If you have read any of my posts, you will know enough about me to understand my level of market and financial knowledge is not at a professional level. That’s why I’m so curious and hope others are willing to share a little.
Are you also one of the millions wondering why the stock market fell over three days of trading? I’ve read many explanations of why, but I also really want to know how.
Investors are fleeing the market due to lack of confidence in the market: Really? Suddenly all those investors just decided to do this at the same time? The rating downgrade by S&P scared the investors: The decline started before the rating announcement.

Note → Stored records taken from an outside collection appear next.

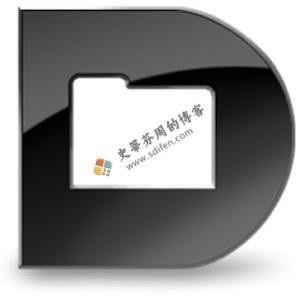 Default Folder X 5.1.6 Mac破解版-史蒂芬周的博客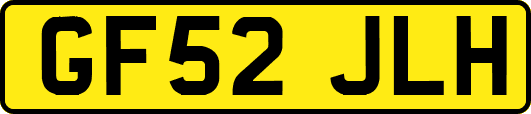 GF52JLH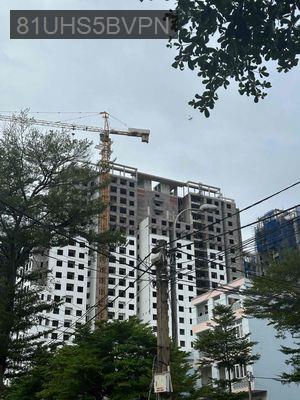 (GIỎ HÀNG 10/2025) a chị cần mua căn hộ Dream Home P7 Quận 8 xem giỏ h - Phường 7  -  Quận 8 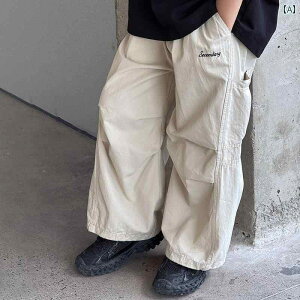 qp I[o[ I[ JWA pc Yiyi Ma {[CY Rbg ^[ hJ I[o[ I[ qp   xr[  JWA pc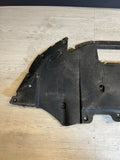 Lamborghini Huracan 4T0825101D Under Body Carriage Cover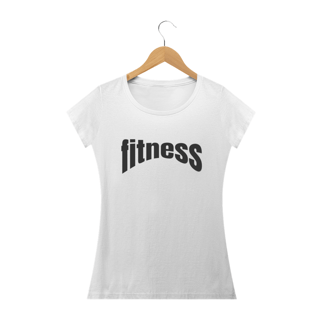 Nome do produto camiseta feminina 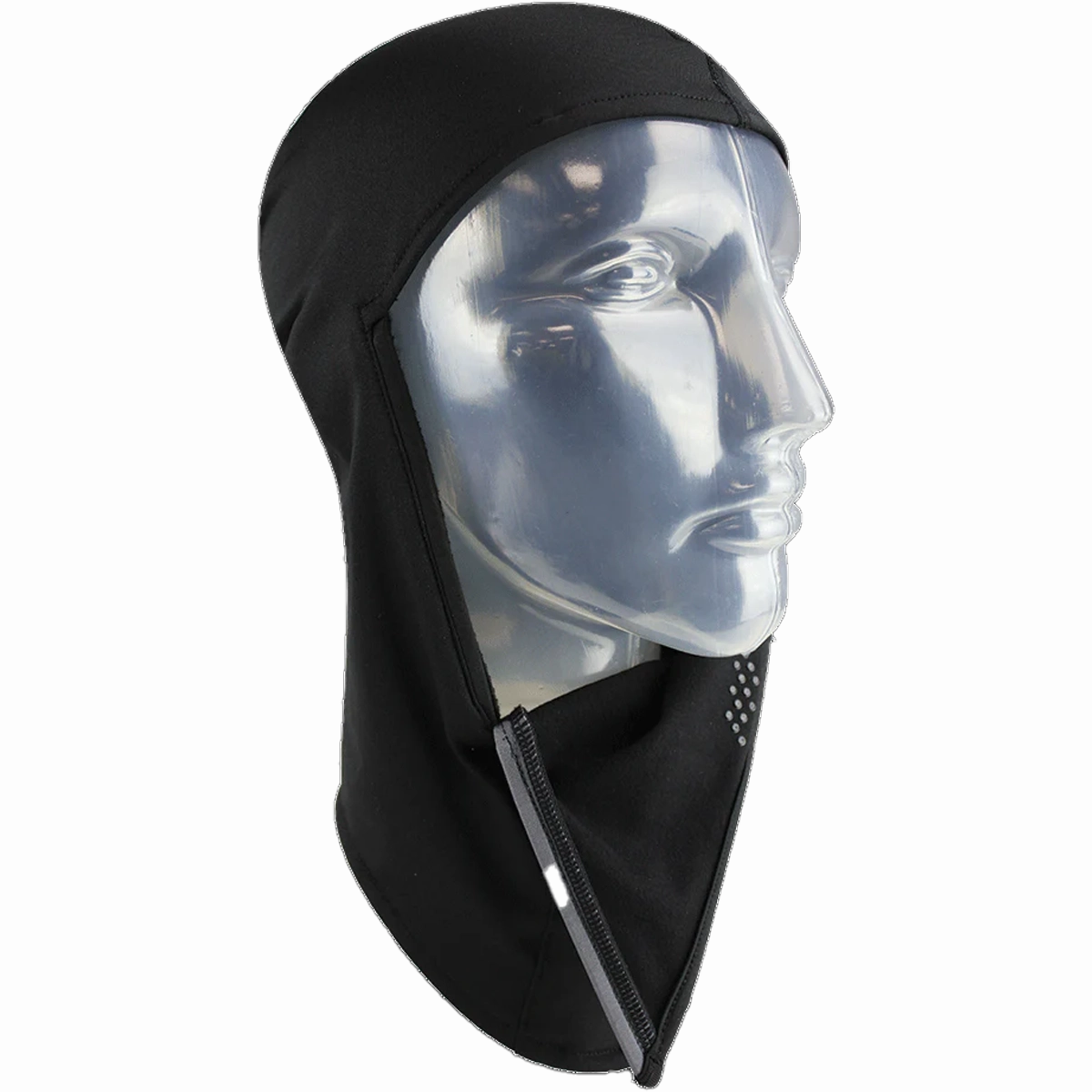 Magnemask Balaclava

The major thing I know from the news reports is that the value of the market fell approximately three trillion dollars in three days. That’s $3,000,000,000.00 missing. Where did it go?
If you look at the individual stock prices, most seem to have lost 5% to 10%. Now, it is difficult to believe that all investors sold their stock for what they paid for it – and simply put the cash into other accounts. If that were so, individual stocks would not have fallen, would they? The value of a lot of retirement accounts (401k’s and IRA’s fell) even though they were not cashed in. If a person was in the process of taking distributions on those accounts, they lost money.
Primary fact – basically a stock transaction in the market requires a buyer and a seller. The difference between the purchase price and the selling is in that $3T. Who uses short-selling, and what was the amount of profit taken from the market for those transactions? Who has a list of the top 200 profit-takers, and how much did each gain?
That’s not all my questions – but enough for now.